Opening of some locations was delayed by a couple of months because staff positions could not be completely filled, or training of staff could not immediately be completed.
Another issue was delay in acquiring technology, including computer servers, with delays of up to nine months for some equipment.
“That’s longer than the service center would usually take to be completed,” Scholes said.
“There were a few of those where we happily had bought ahead,” he added. “There were some where we were borrowing from future projects that will delay those.”
COVID also affected the timing of grand-opening celebrations.
““Qualitatively, it was an odd time … let’s go have a grand opening, but it’s delayed for six months because nobody is doing in-person parties,” he said.

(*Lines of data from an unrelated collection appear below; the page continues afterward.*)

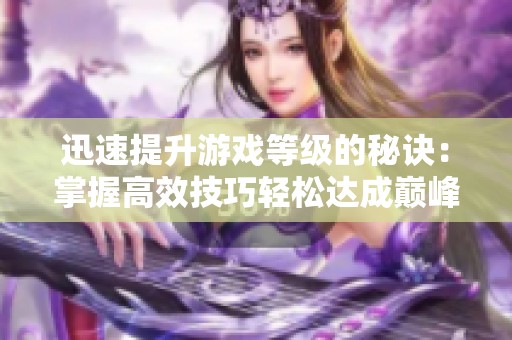 迅速提升游戏等级的秘诀：掌握高效技巧轻松达成巅峰目标
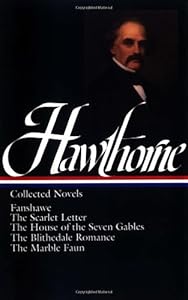 Nathaniel Hawthorne : Collected Novels: Fanshawe, The Scarlet Letter, The House of the Seven Gables, The Blithedale Romance, The Marble Faun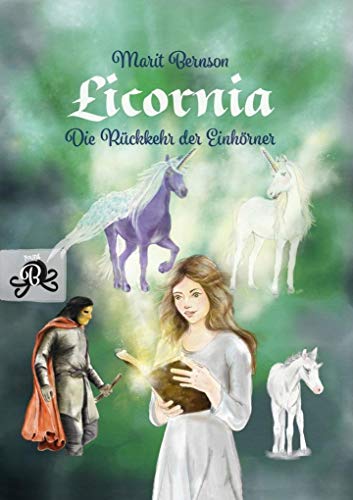 Licornia - Die Rückkehr der Einhörner (Licornia - Band 1) von NOVA MD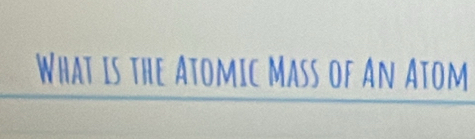 What is the Atomic Mass of An Atom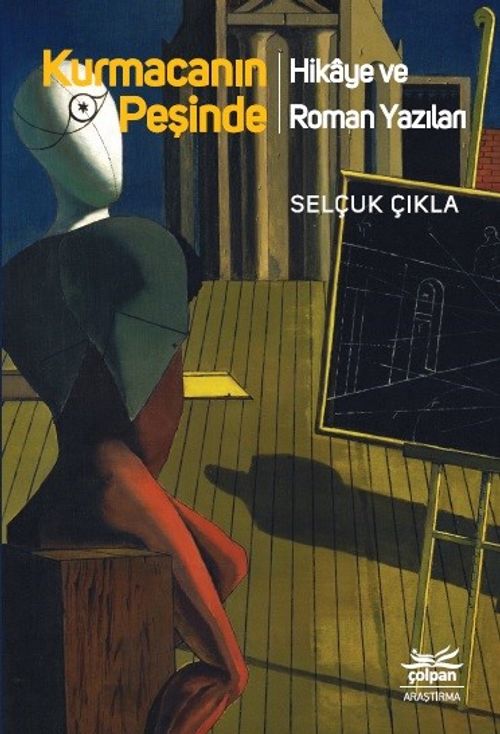 Kurmacanın Peşinde 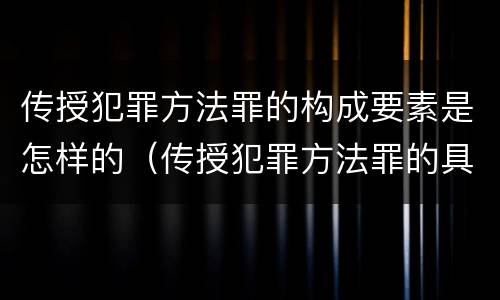 传授犯罪方法罪的构成要素是怎样的（传授犯罪方法罪的具体表现）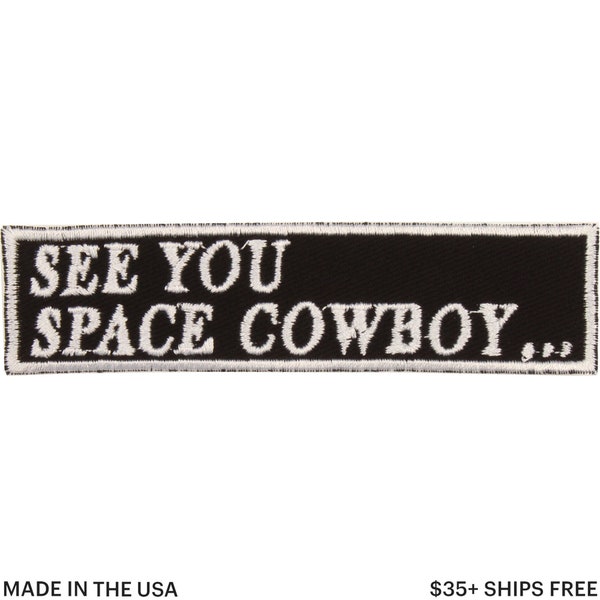 See You Space Cowboy Patch – Hergestellt in den USA – 4" x 1" Anime Patch – Space Patch – Geek Patch – Gestickter Patch für Jacke – Geschenk für Anime-Fan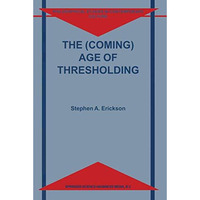 The (Coming) Age of Thresholding [Paperback]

Sussman said much of Ent’s Northern Colorado growth can be attributed to embedding itself in the community, a task that has fallen in part on Fred Jacobs, a veteran of Northern Colorado’s banking industry who now works as Ent’s senior manager for media relations and sponsorships.
Jacobs, who spent almost 22 years at First National Bank of Omaha, “has really been driving our engagement locally to make sure that we’re part of that,” Sussman said.
“I do think we had to get creative about how we did things, and just engagement in the community and trying to find ways to do that,” she said. “That’s the other piece that I do think helped, as we were going into a market that was new to us a few years ago, really embedding ourselves in it.”
Sussman said that Ent has shifted how it conducts some events, opting for more weeklong events instead of “one big event,” helping to manage crowd size.
“Despite all of the headwinds, and it doesn’t mean that there weren’t a lot more cartwheels happening behind the scenes, I think we’ve been able to still get in with that combination of the folks who are in our front lines doing fantastic work,” she said.